Task to carry out:
When you reach the line with "Бампер задний (под" in the data below, begin printing lines exactly, and stop once the line with "第76话 - 第35.jpg页" has been printed.

Data section:
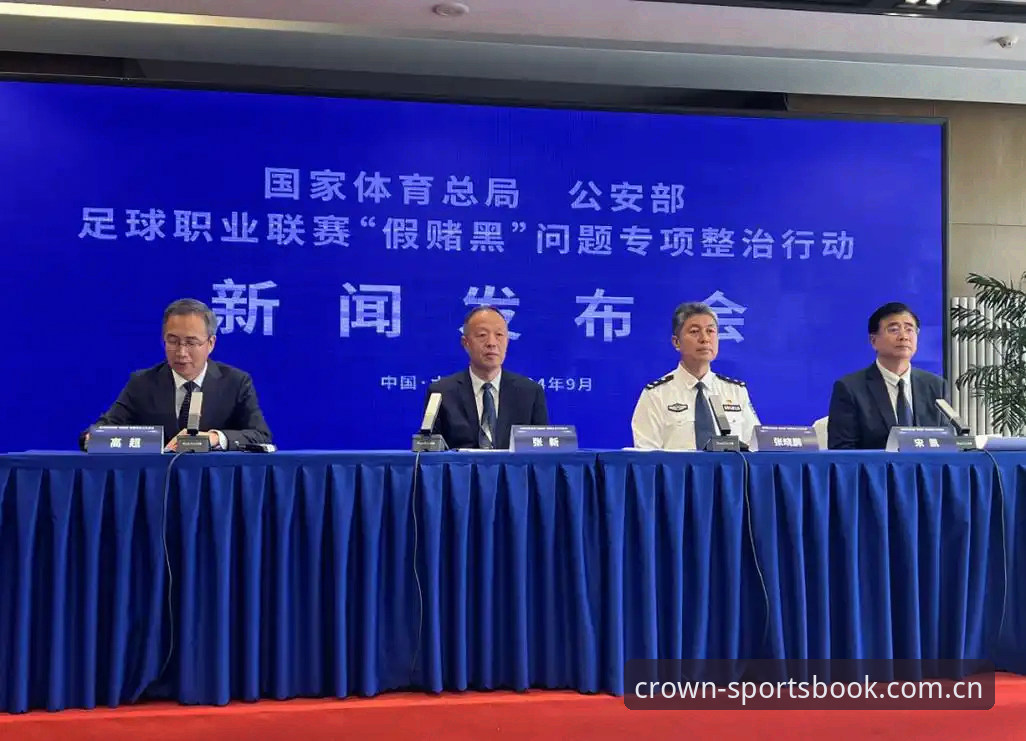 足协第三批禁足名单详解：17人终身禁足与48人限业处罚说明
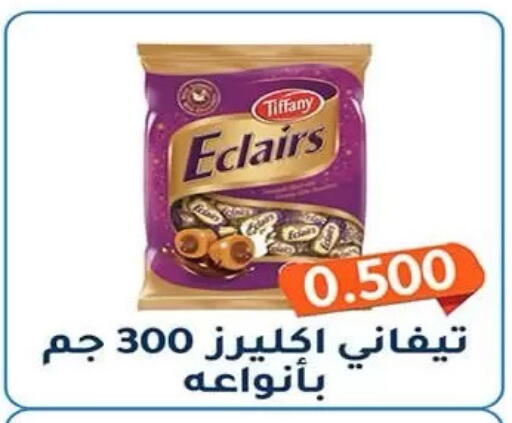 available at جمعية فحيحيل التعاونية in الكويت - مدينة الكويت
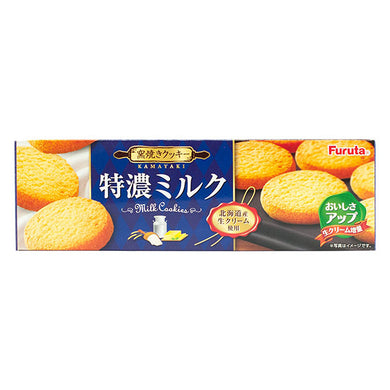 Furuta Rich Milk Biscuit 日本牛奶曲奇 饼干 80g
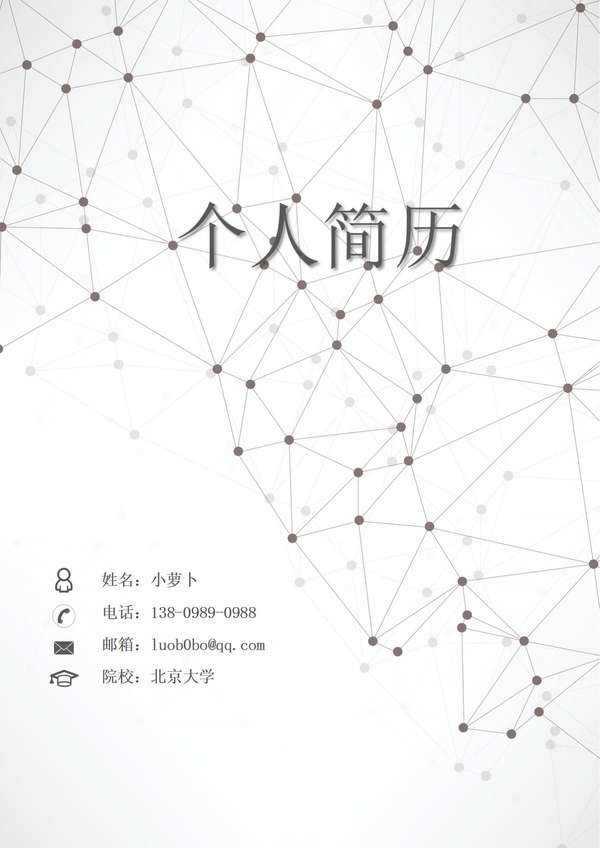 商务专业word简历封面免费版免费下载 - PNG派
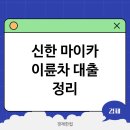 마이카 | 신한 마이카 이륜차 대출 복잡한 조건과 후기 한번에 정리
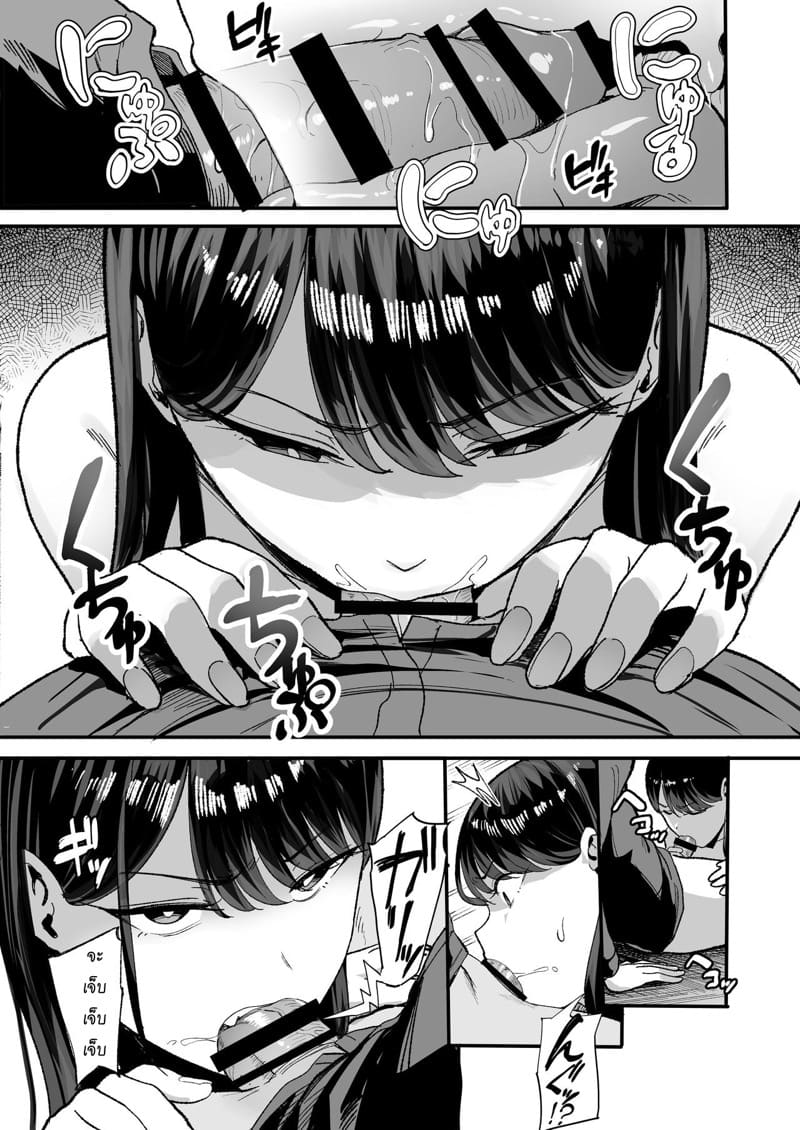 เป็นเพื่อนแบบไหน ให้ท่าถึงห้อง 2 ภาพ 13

* * *

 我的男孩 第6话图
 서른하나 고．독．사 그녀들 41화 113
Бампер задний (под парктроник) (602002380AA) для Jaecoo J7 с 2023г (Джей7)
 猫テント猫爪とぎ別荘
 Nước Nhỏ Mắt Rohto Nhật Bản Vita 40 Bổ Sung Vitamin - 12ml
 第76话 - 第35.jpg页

==

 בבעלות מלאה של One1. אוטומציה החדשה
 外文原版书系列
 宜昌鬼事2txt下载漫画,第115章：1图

Expected answer:
Бампер задний (под парктроник) (602002380AA) для Jaecoo J7 с 2023г (Джей7)
 猫テント猫爪とぎ別荘
 Nước Nhỏ Mắt Rohto Nhật Bản Vita 40 Bổ Sung Vitamin - 12ml
 第76话 - 第35.jpg页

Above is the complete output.